Secretary of State Kerry told the press that what is about to happen is a “pause” and not a formal “cease-fire.” Most sane people will see that this is baffle-gab. Call it a pause; call it time-out;  call it a “ceasefire” as most headline writers do (without the blessing of the conference) there is no precedent in the history of warfare of the side that has the momentum letting the losing side turn any moment into an opportunity to become stronger. All credible and up-to-date observers insist that the team of Assad and Putin belongs to the first category (evidently winning) and the anti-Assad forces belong to the latter (evidently losing.

A Short List of Principal Participants in the Syrian Civil War, From Nation-states to Reckless Spoilers.

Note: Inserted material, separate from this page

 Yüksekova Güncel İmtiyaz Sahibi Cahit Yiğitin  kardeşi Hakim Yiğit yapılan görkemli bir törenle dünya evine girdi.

A uniquely helpful guide to the Syrian crisis is an article from the website of the Gatestone Institute (www.gatestoneinstitute.org/7408 , “Syria: Checkered Past, Uncertain Future,” written by Amir Taheri, who, before the Iranian Revolution of 1979 was the editor of Iran’s leading newspaper, Kayhan. Among the “reckless spoilers” (in Ischinger’s phrase) who have joined in on the effort to tear Syria limb from limb  Taheri identifies the Islamic Republic of Iran, which, “already enjoying a major presence in Iraq… needed Syria to complete the ‘Shiite Crescent’ which it saw as its glacis and point of access to the Mediterranean.” Then there is Turkey, “which has emerged as the main source of support for anti-Assad forces,” and which (according to today’s news) is currently conducting a military campaign against Kurdish forces within Syria’s boundaries. Then there is the “Caliphate” that is ruled by ISIS. Then there is Russia. And then it gets complicated:

Because almost every religious and/or ethnic community is divided, some siding with Assad and others fighting against him, it is difficult to establish clear sectarian demarcation lines. Even the Kurds are deeply divided among themselves with the PKK, the Turkish Kurdish party, present in Syria as exiles for decades, holding the balance of power.

Factoring in all of this,

Syria today is a patchwork of emirates, large and small…. Many of these emirates have developed a system of coexistence that allows them to run the communities under their control and guide them in different directions. In most cases, the direction in question is towards what is marketed as “pure Muhammadan Islam” in many different forms.

Taheri concludes:

The challenge today is not to rescue, through diplomatic gimmicks, a Syria that has largely ceased to exist but to help create a new Syria. That, however, is a challenge that no one today appears willing, let alone able, to face.

 

A Painful Conclusion.

Once again, Secretary of State John Kerry has allowed himself to be held up to ridicule before the world by entering into solemn-ass diplomacy in luxury settings in historic European  cities and emerging to announce with furrowed brows agreements not worth the paper they are written on – certainly not worth the expenditure involved in wining and dining the entourages of hundreds of participants, and certainly not justifying the thousands of man-hours expended by the media in “covering the story.”

It has all been a pathetic exercise designed to persuade the Western public that peace is being advanced, while President Putin imposes the peace of the grave upon the desperate, dwindling masses of Syria. The bottom line is that Syria is gone.

Syria’s story contains the most recent proof that there are in Islam no materials out of which stable, let alone decent, government can be manufactured. So far, the Arab Spring has provided no clear proof of a Muslim-Arab nation removing a tyrant without opening the Pandora’s box of chaos.